Raw data:
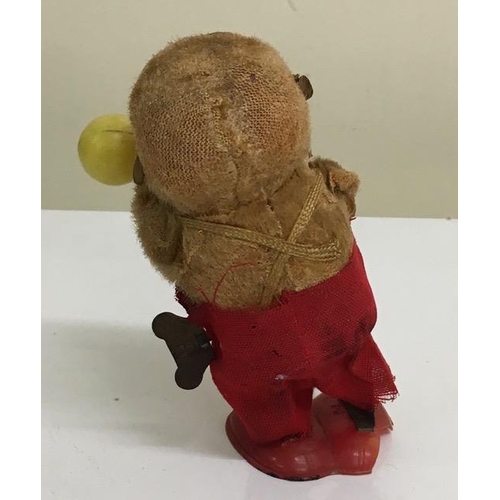 A vintage, clockwork monkey with maracas figure. Works intermittently.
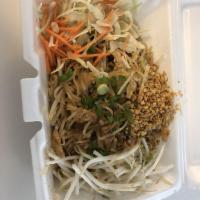 Pad Thai · Thin rice noodles stir fried with egg, bean sprouts, ground peanuts, green onions and a slic...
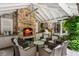 This outdoor living area features a fireplace, kitchen, and comfortable seating at 2890 Howell Mill Rd, Atlanta, GA 30327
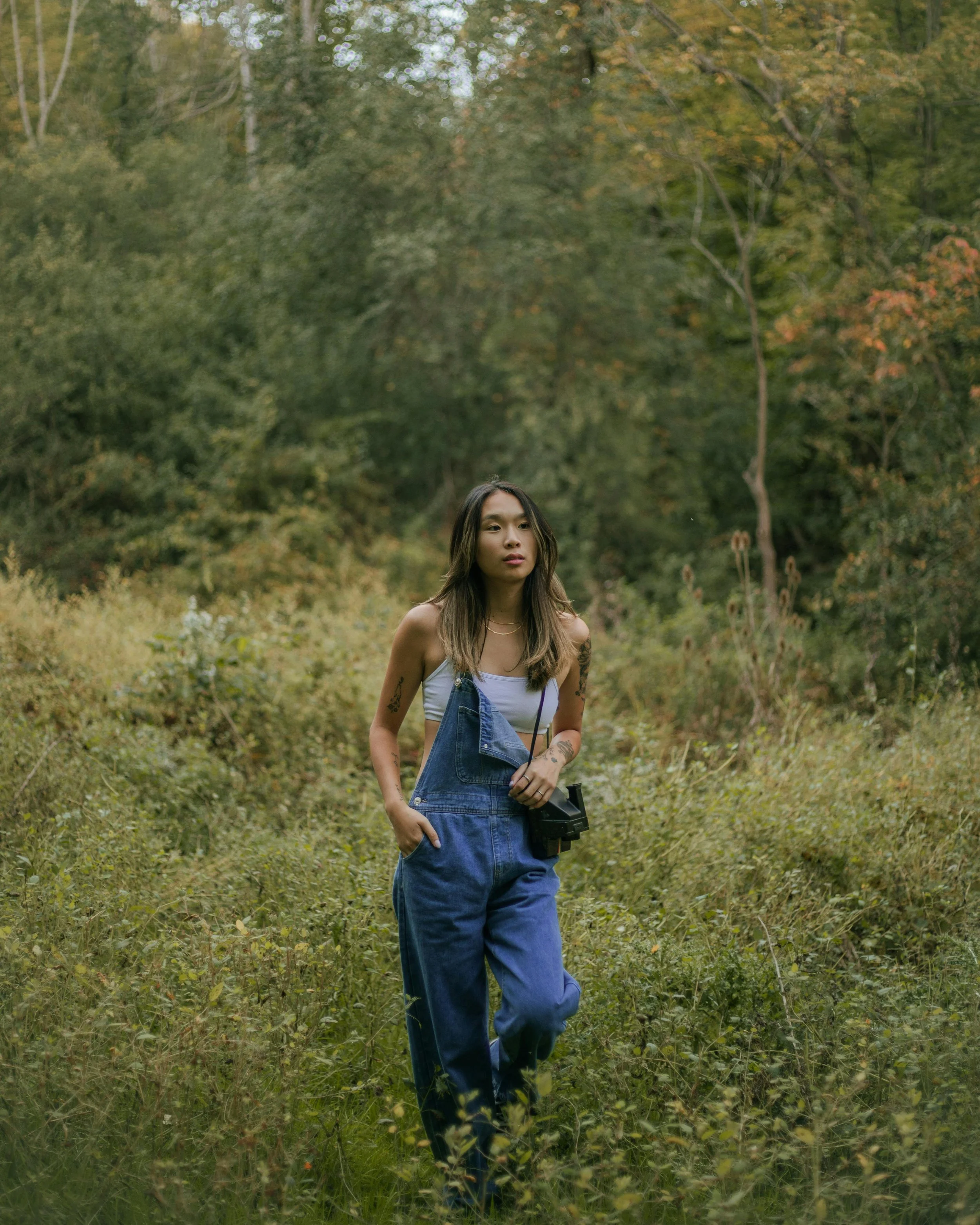 A young woman walks through a lush, green forest with autumn leaves, wearing denim overalls, a white crop top, and holding a camera in her right hand.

Task goal: From the line containing "This outdoor living" down to the final line of the material, restate every line word for word, and only those; drop the pictures.

Task solution:
 This outdoor living area features a fireplace, kitchen, and comfortable seating at 2890 Howell Mill Rd, Atlanta, GA 30327
 A young woman walks through a lush, green forest with autumn leaves, wearing denim overalls, a white crop top, and holding a camera in her right hand.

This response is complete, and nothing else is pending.